Here, viewing the evidence in the light most favorable to the plaintiffs, this court finds that no reasonable person could conclude that the defendant's conduct with respect to Anthony Heineg or his wife was "so outrageous in character, and so extreme in degree, as to go beyond all possible bounds of decency, and to be regarded as atrocious, and utterly intolerable in a civilized community." As detailed above, the uncontradicted evidence shows that Wal-Mart contacted the police about Ms. Harris, not plaintiff Anthony Heinig. Furthermore, there is no evidence that Wal-Mart encouraged the District Attorney's Office to prosecute Anthony Heinig.

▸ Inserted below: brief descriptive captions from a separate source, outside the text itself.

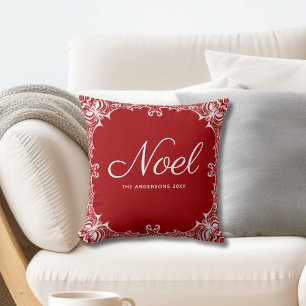 Christmas Red Noel Monogram Kussen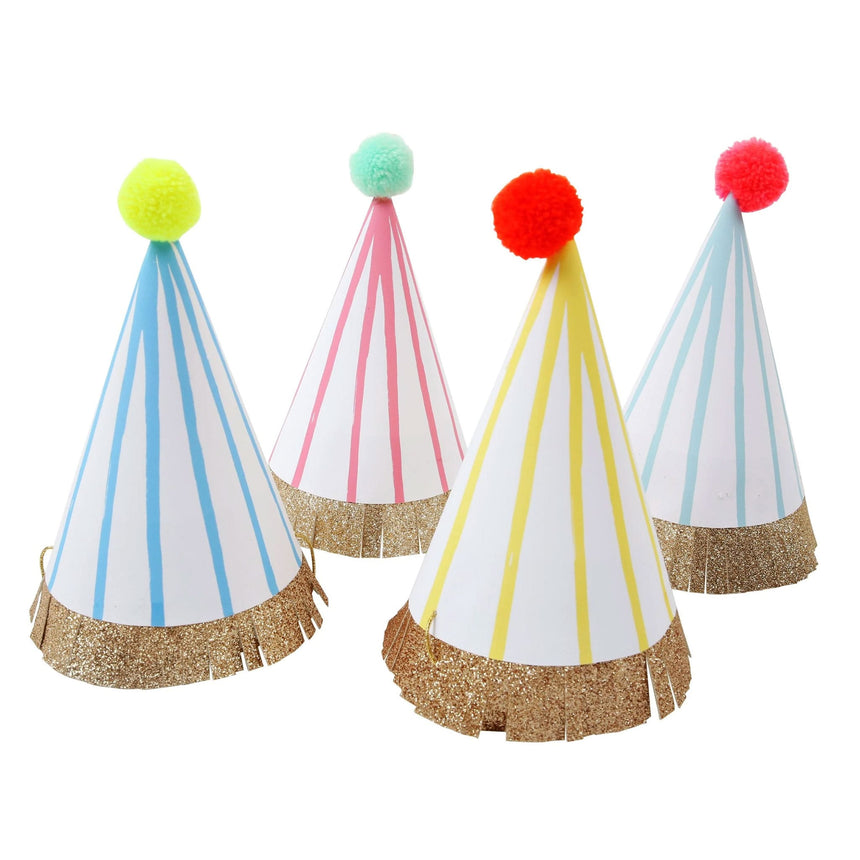 Chapeaux de Fêtes (8) Rayés Pompons Rétro-Meri Meri-MME-156025-CLÉMENT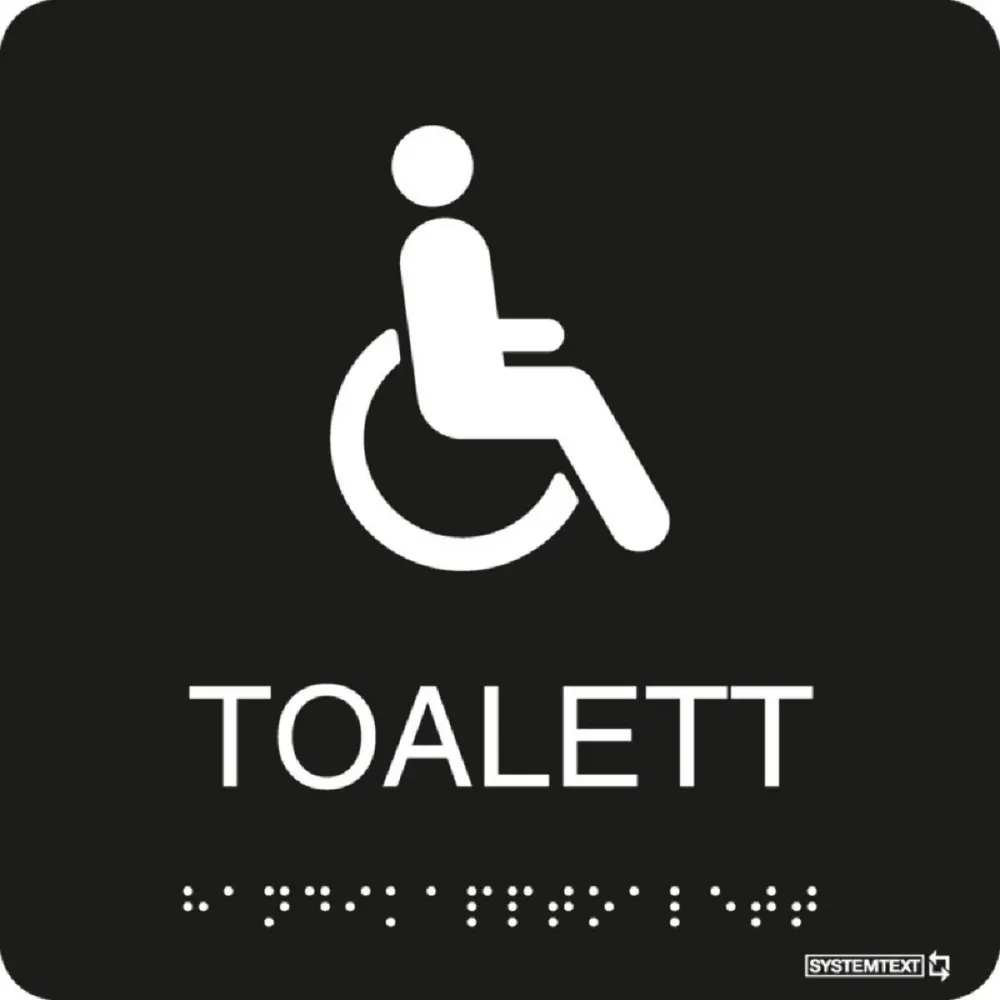 Taktil skylt "Handikapptoalett" Svart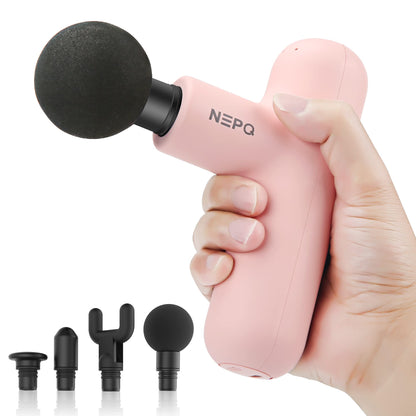 Mini Massage Gun, Powerful Fascial Gun Portable Deep Tissue Percussion Muscle Back Head Massager for Pain Relief with 4 Massage Heads High-Intensity Vibration Rechargeable Small Massage Gun
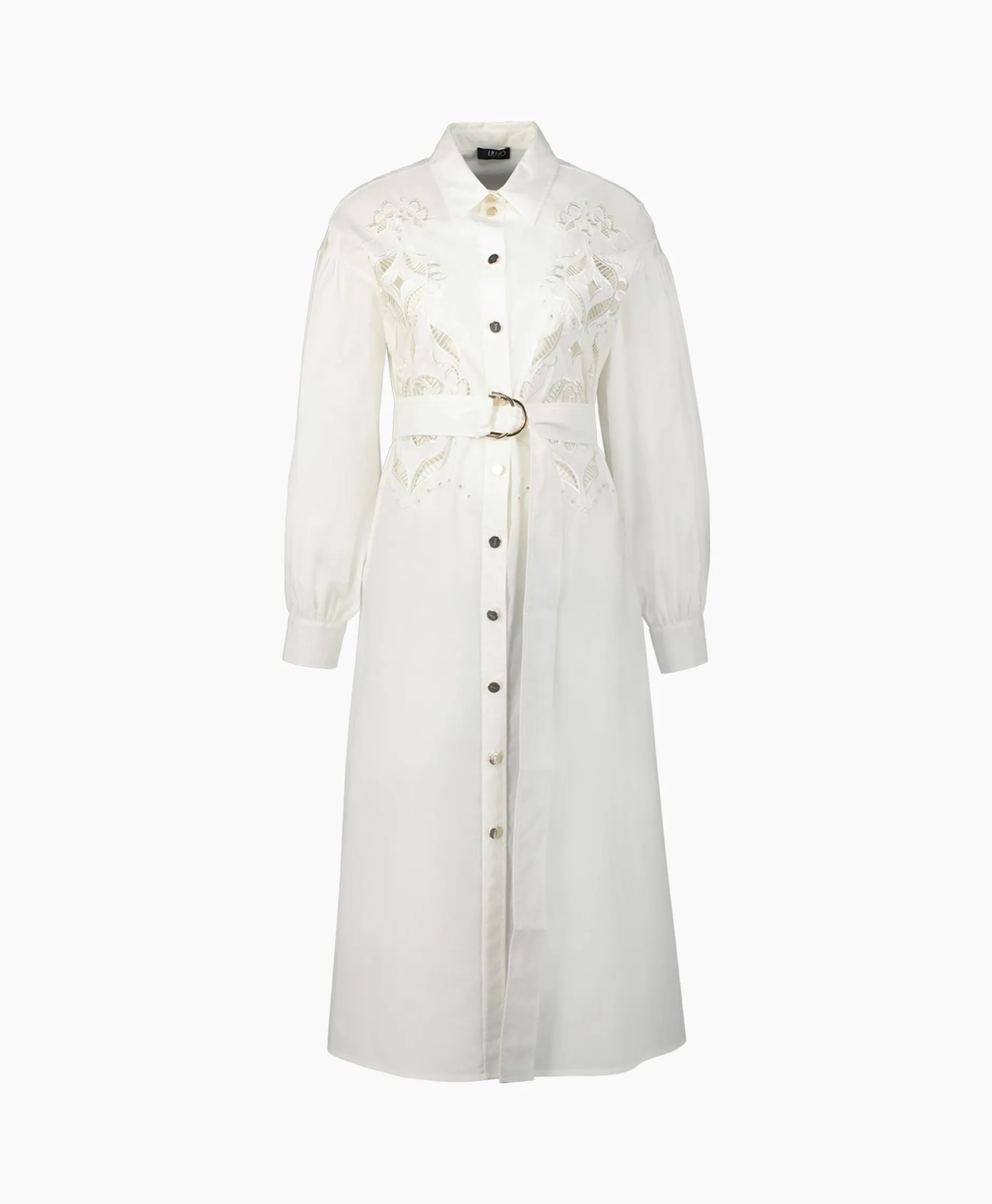 Dames Liu Jo Jurken*Midi Jurk Chemisier Logato C/Cintura Wit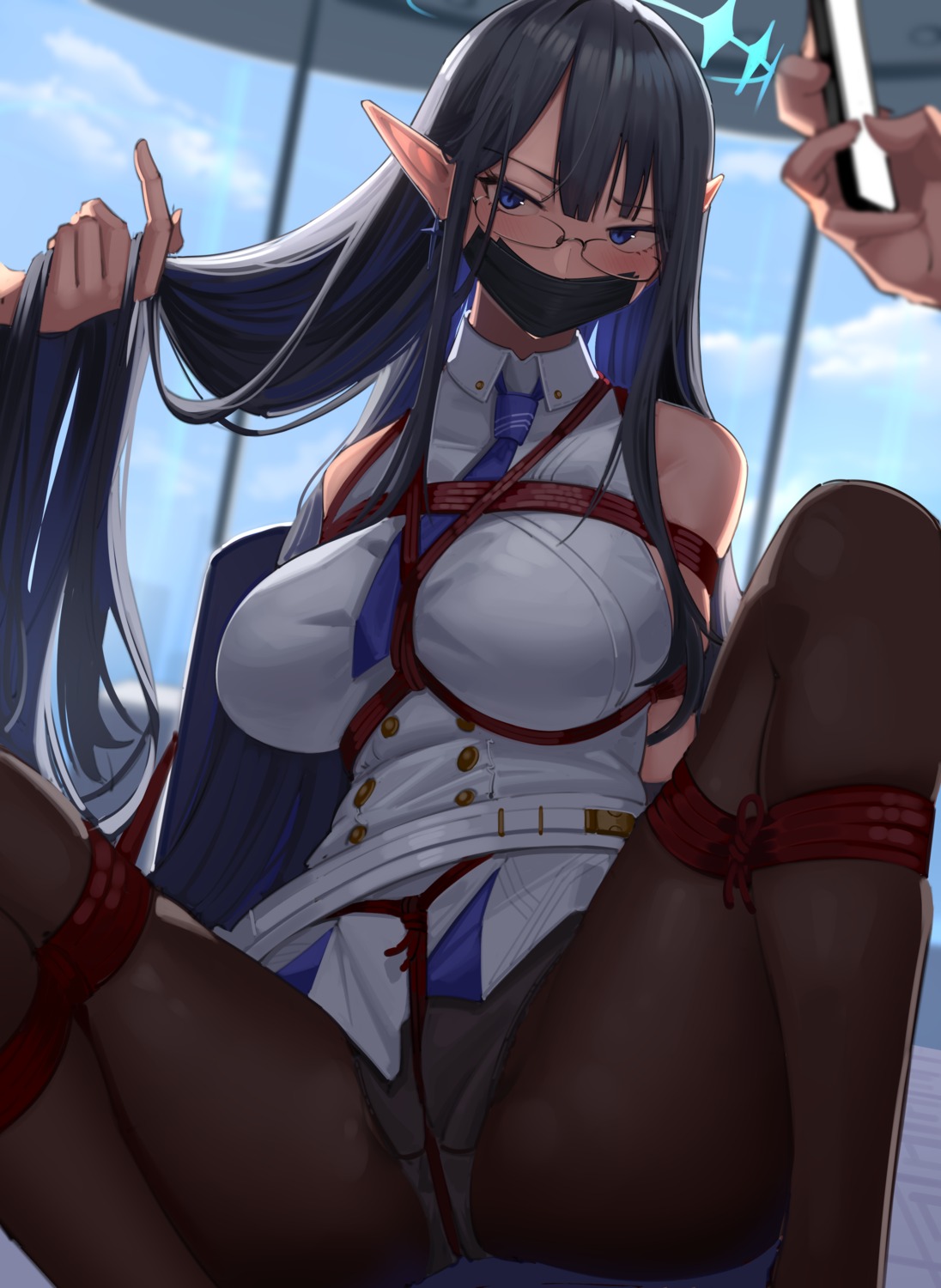 blue_archive bondage halo harris_hero megane nanagami_rin pantsu pantyhose pointy_ears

Plaintiffs challenge the internal investigation done by Wal-Mart as inadequate and claim the conclusions therefrom as false. They support their allegations solely through portions of a deposition purportedly of Roger Crawford, a friend of the plaintiffs, whom plaintiffs now characterize as an expert witness. Plaintiffs, however, have never disclosed or qualified Mr. Crawford as an "expert" in this case. In fact, in the Final Pretrial Order, plaintiffs state that there are no expert witnesses to be called. (Docket No. 36 at 6). Instead, Mr. Crawford is merely on plaintiffs' list of "will call" non-expert witnesses. Furthermore, as shown by the defendant, Mr. Crawford was not employed by Wal-Mart during the relevant time frame, did not have any involvement in Wal-Mart's internal investigation of Mary Harris, and did not investigate any Wal-Mart associates for fraudulent returns while employed at Wal-Mart. In addition, the portions of Mr. Crawford's purported deposition filed by plaintiffs with their Response do not identify the documents and videotapes Mr. Crawford claims to have reviewed. Moreover, as correctly asserted by defendant, Mr. Crawford's testimony constitutes no more than mere general conclusions without any factual support. Neither Mr. Crawford nor the plaintiffs have identified any specific transactions upon which Wal-Mart should not have relied when deciding to contact the police department about Ms. Harris or any evidence that Wal-Mart should have discovered prior to contacting the police department. As noted above, in responding to a summary judgment motion, the plaintiffs "must respond with specific facts showing the existence of a genuine factual issue to be tried," and "[u]nsupported allegations without `any significant probative evidence tending to support the complaint' are insufficient . . . as are conclusory assertions that factual disputes exist."Southway, 149 F. Supp.2d at 1273. Plaintiffs here have failed to respond with any specific facts showing the existence of a genuine issue of material fact. The court finds that the portion of the deposition transcript submitted by plaintiffs does not create a genuine issue of material fact with respect to the adequacy of defendant's investigation of Ms. Harris.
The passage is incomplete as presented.